Material to process:
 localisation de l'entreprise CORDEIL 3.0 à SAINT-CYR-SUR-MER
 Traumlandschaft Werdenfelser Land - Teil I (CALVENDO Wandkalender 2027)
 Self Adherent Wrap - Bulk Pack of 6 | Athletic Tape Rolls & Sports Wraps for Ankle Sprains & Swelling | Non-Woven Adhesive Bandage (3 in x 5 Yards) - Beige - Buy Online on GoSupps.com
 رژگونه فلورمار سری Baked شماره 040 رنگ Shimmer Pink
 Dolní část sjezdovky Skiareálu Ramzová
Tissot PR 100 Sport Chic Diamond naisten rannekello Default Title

...

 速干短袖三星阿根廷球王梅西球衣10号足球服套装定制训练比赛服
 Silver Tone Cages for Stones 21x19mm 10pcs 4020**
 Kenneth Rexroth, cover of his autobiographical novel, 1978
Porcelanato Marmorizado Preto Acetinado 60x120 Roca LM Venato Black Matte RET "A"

Task description: Print, from the entries above, the line with "رژگونه فلورمار سری", the line with "Tissot PR 100" and all lines between them, exactly and with nothing else.

Task response:
 رژگونه فلورمار سری Baked شماره 040 رنگ Shimmer Pink
 Dolní část sjezdovky Skiareálu Ramzová
Tissot PR 100 Sport Chic Diamond naisten rannekello Default Title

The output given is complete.